Reconoce haber gestado a Promocom, pero dice que con la separación de su esposa los bienes quedaron a nombre de ella y sus hijos y que a él le dieron parte en efectivo, dinero que se gastó en su totalidad.

La fortuna de Sheila la consiguió colocando dineros en bancos de Europa por espacio de 7 u 8 años. Los dineros fueron adquiridos legalmente por ella , dice.

La única relación con sus hijos es paternal y no de negocios.

Respecto a los numerosos bienes en cabeza de sus tres hijos dice que una donación no se puede tildar de enriquecimiento ilícito. Me siento muy extrañado con los cargos de las DEA .

Jorge Nasser Arana Se muestra ajeno al enriquecimiento ilícito que se le imputa manifestando que es socio de los negocios de su familia, entre ellos Promocom y hotel El Prado.

Asegura que los negocios se iniciaron con una empresa familiar en los años 77 y 78, siendo gestores sus padres. Ellos determinaron él entrara cuando debía tener unos 10 años de edad. Tengo entendido que las empresas fueron hechas legalmente , dice.

Explica que fuera de la participación el los negocios de la familia, no tiene ni maneja negocios propios. Dice tener poco conocimiento de las empresas, sus movimientos y beneficios.

Claudia Patricia Nasser Reconoce tener numerosos bienes, entre ellos las fincas La Playita y La Bonga, y ser accionista de Promocom, Inhocar, Inhotel, Granco y Suratel.

Respecto al proceso dice se trata de supuesto incremento injustificado de patrimonio, el cual se debe únicamente a valorizaciones de activos y acciones de propiedades ya constituidas por Promocom.

Aclara que los bienes de sus padres se consolidaron después de la separación en 1984 dejando en la sociedad a su mamá y los 3 hijos.
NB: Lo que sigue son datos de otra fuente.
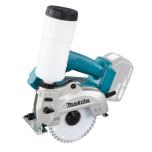 Makita Akuplaadilõikur DCC501ZX1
Sin embargo, el manejo y adquisición de bienes correspondió a su tío Jairo Arana y cuando ella ingresó con sus hermanos a Promocom ya estaba todo hecho. El negocio era manejado por Sheila.

Dice que sus contadores han explicado suficientemente el origen de los dineros que, a juicio de la justicia penal, hacen parte de una fortuna injustificada.

Tilda el informe la DEA de amañado y sobre la captura de su madre dice: Ella se tuvo que declarar culpable porque fue sometida a torturas .

Sobre la cuenta Tres hermanos dice no saber nada.